Évangile« On viendra de l’orient et de l’occident prendre place au festin dans le royaume de Dieu »

En ce temps-là, tandis qu’il faisait route vers Jérusalem, Jésus traversait villes et villages en enseignant. Quelqu’un lui demanda : « Seigneur, n’y a-t‑il que peu de gens qui soient sauvés ? » Jésus leur dit : « Efforcez-vous d’entrer par la porte étroite, car, je vous le déclare, beaucoup chercheront à entrer et n’y parviendront pas.

Lorsque le maître de maison se sera levé pour fermer la porte, si vous, du dehors, vous vous mettez à frapper à la porte, en disant : “Seigneur, ouvre-nous”, il vous répondra : “Je ne sais pas d’où vous êtes.” Alors vous vous mettrez à dire : “Nous avons mangé et bu en ta présence, et tu as enseigné sur nos places.” Il vous répondra : “Je ne sais pas d’où vous êtes. Éloignez-vous de moi, vous tous qui commettez l’injustice.”

Là, il y aura des pleurs et des grincements de dents, quand vous verrez Abraham, Isaac et Jacob, et tous les prophètes dans le royaume de Dieu, et que vous-mêmes, vous serez jetés dehors. Alors on viendra de l’orient et de l’occident, du nord et du midi, prendre place au festin dans le royaume de Dieu. Oui, il y a des derniers qui seront premiers, et des premiers qui seront derniers. »

Homélie :

« Efforcez-vous d’entrer par la porte étroite, car, je vous le déclare, beaucoup chercheront à y entrer et n’y parviendrons pas ».

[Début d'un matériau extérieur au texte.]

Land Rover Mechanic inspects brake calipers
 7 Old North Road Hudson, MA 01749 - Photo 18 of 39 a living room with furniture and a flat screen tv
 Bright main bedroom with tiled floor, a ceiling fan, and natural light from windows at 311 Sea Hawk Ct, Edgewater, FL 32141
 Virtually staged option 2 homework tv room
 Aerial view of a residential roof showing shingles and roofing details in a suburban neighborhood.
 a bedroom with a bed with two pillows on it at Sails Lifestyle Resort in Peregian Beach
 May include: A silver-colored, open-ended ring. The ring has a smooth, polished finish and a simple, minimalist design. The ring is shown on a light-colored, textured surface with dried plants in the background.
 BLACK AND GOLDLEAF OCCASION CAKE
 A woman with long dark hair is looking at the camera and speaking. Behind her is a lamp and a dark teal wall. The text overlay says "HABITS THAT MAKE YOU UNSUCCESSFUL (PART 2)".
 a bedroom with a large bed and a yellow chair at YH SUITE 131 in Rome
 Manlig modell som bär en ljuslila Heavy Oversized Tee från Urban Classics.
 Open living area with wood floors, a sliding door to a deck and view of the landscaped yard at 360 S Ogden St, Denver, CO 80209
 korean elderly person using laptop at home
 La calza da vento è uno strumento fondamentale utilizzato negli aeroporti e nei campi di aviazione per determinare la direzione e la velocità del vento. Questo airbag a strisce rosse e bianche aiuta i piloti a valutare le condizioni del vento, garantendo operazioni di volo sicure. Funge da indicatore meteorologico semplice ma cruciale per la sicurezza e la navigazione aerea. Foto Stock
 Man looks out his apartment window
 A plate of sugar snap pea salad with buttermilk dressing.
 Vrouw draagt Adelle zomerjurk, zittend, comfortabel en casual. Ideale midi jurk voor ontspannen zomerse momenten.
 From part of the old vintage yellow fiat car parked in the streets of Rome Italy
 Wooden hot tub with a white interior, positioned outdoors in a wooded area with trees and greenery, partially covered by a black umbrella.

J’ai été témoin, il y a quelques années, de la scène suivante dans le métro : « Un voyageur, portant deux grosses valises, un sac à dos et un autre en bandoulière, met un ticket pour passer au tourniquet, passe la première valise, la pousse avec son pied, passe la deuxième qui se bloque sur la première trop lourde, il se baisse pour la pousser, son sac en bandoulière tombe, il l’avait ouvert pour prendre son ticket et tout le contenu se répand sur le sol, tous ses papiers.  Finalement, il lui a fallu deux tickets pour passer.

« Efforcez vous d’entrer par la porte étroite ». Bien sûr, nous n’aurons pas à porter de valises et de sacs comme ce pauvre homme, mais, intérieurement, nous pouvons porter des poids très lourds, une culpabilité tenace, présenter à Dieu une vie de facilité, d’insouciance, d’égoïsme.

Il est possible de refuser la souffrance, de la rejeter. Par exemple : manifester un manque d’empathie totale face à la misère tapie à notre porte, ou à la misère du monde, face à la mort d’un proche. Oui, il est malheureusement possible de fermer son cœur vis-à-vis des plus proches qui traversent le désespoir, le malheur.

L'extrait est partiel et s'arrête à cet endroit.